An in-depth showcase of the model definition and evaluation can be found in our Jupyter notebook.
Predict the next item a user will interact with, given their chronological interaction sequence. We treat this as a ranking task: given a user history, the model must rank the ground-truth "next item" higher than all other candidate products in the catalog.
- Recall@10 / Recall@50: Proportion of test cases where the correct item appears in the top-K results.
- NDCG@10: Normalized Discounted Cumulative Gain to measure ranking quality.
- MRR: Mean Reciprocal Rank of the first relevant item.
- AUC: Area Under the ROC Curve to evaluate separation of positives and negatives.
We compare our multimodal approach against traditional methods, testing each under two conditions to isolate the impact of visual data:
- TF-IDF + Cosine Similarity (With and Without images in the dataset)
- Matrix Factorization (MF) (With and Without images in the dataset).
- BLaIR-CLIP Fusion: Our proposed dual-encoder model combining BLaIR (RoBERTa) and CLIP (ViT).
We use the Amazon Reviews 2023 dataset, specifically focusing on the Appliances category:
- Metadata: 94,327 products containing titles, descriptions, feature lists, and image links
- Reviews: 2,128,605 user interactions.
- Average Rating: 4.22/5.0.
- Text Unification: Combined product title, description, and bulleted features into a single string.
- User Filtering: Removed users with fewer than two interactions to allow for training and testing.
- Temporal Splitting: Employed a Leave-One-Out strategy—the final interaction for each user is held out for testing.
- Image Regularization: Images resized to 224x224 and normalized for the CLIP processor.

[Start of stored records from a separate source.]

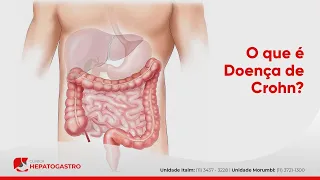 O que é Doença de Crohn? | Clínica Hepatogastro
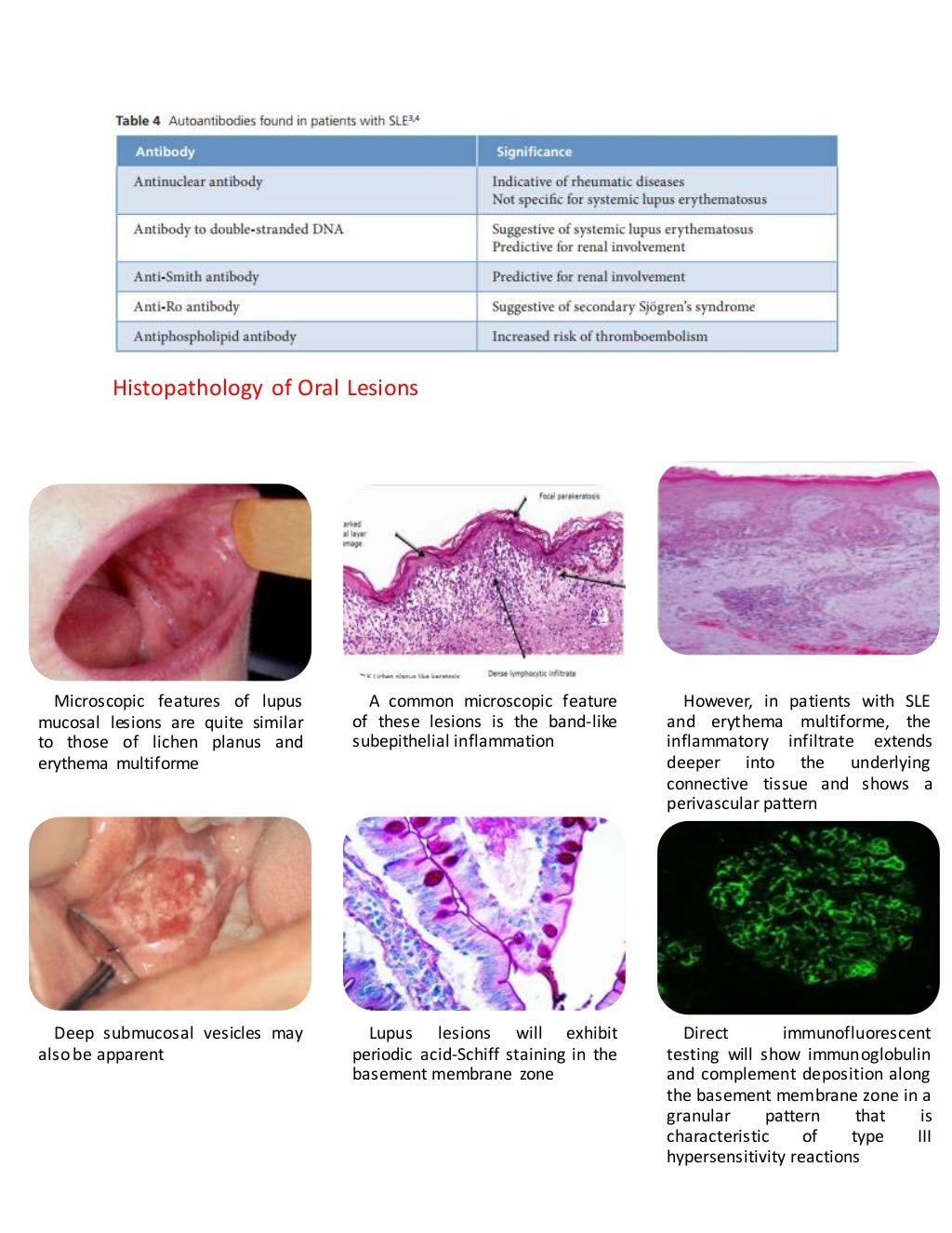 dental Management of Systemic Lupus Erythematous & Scleroderma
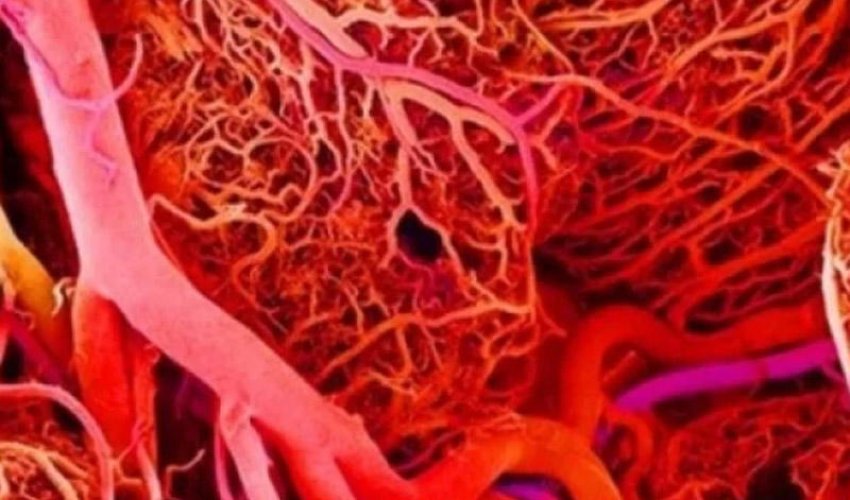 Bu əlamətlər varsa, deməli, damarlarınız 90 faiz pis işləyir – SİYAHI Bu əlamətlər varsa, deməli, damarlarınız 90 faiz pis işləyir – SİYAHI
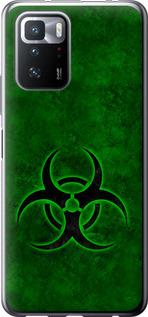 Чехол на Xiaomi Redmi Note 10 Pro 5G biohazard 30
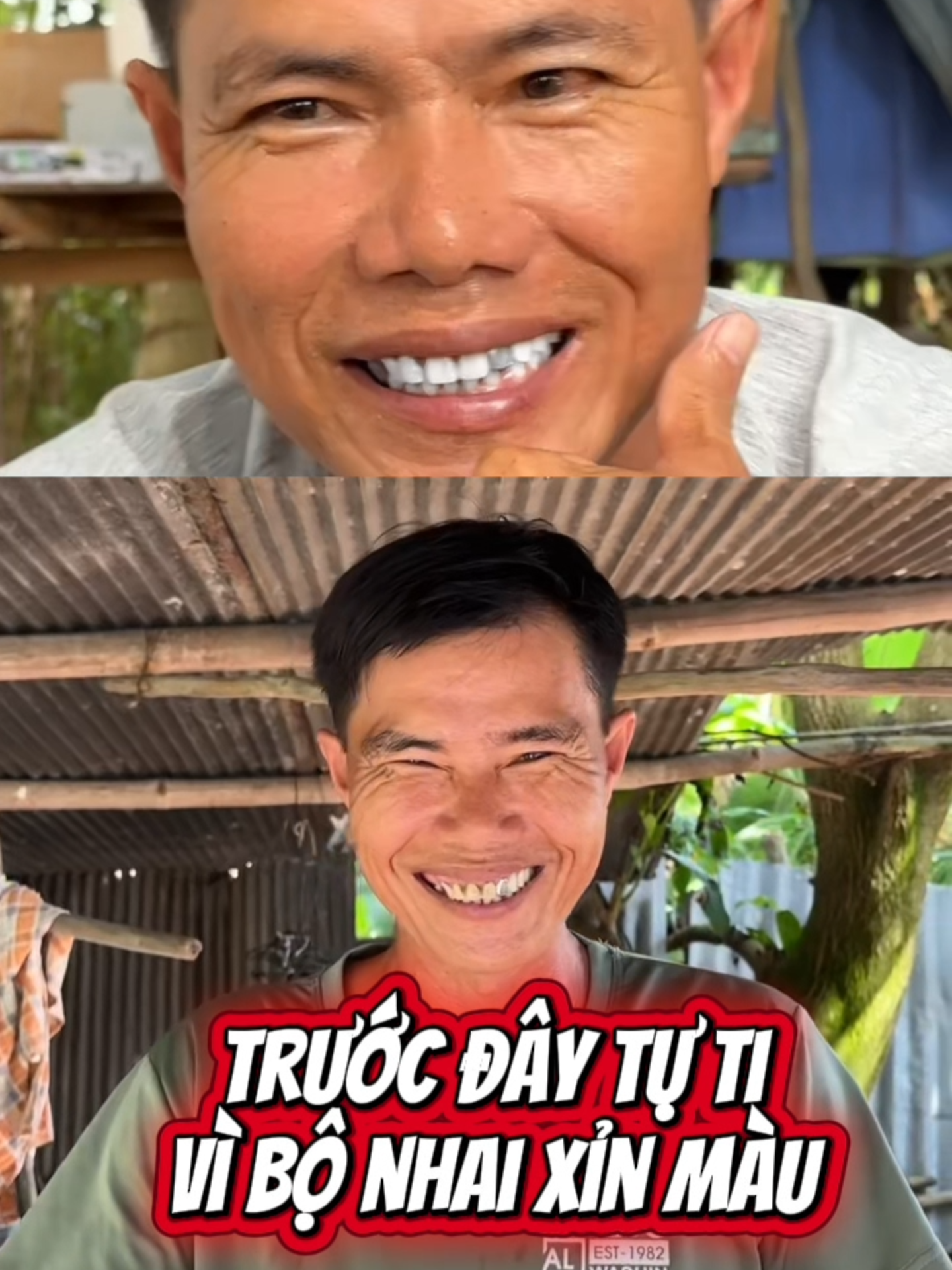 Tự ti đến nỗi không dám bước chân ra khỏi nhà #MQSkin #trangrang #saptrangrang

The model is based on a Dual Encoder architecture, consisting of two separate neural networks:
- One for processing text
- One for processing images
These two towers encode their respective modalities into vectors in the same shared latent space. In this space, the goal is for matching text-image pairs to be close together, and mismatched pairs to be far apart.
- Base: RoBERTa-based transformer.
- Output: 768-dimensional CLS embedding.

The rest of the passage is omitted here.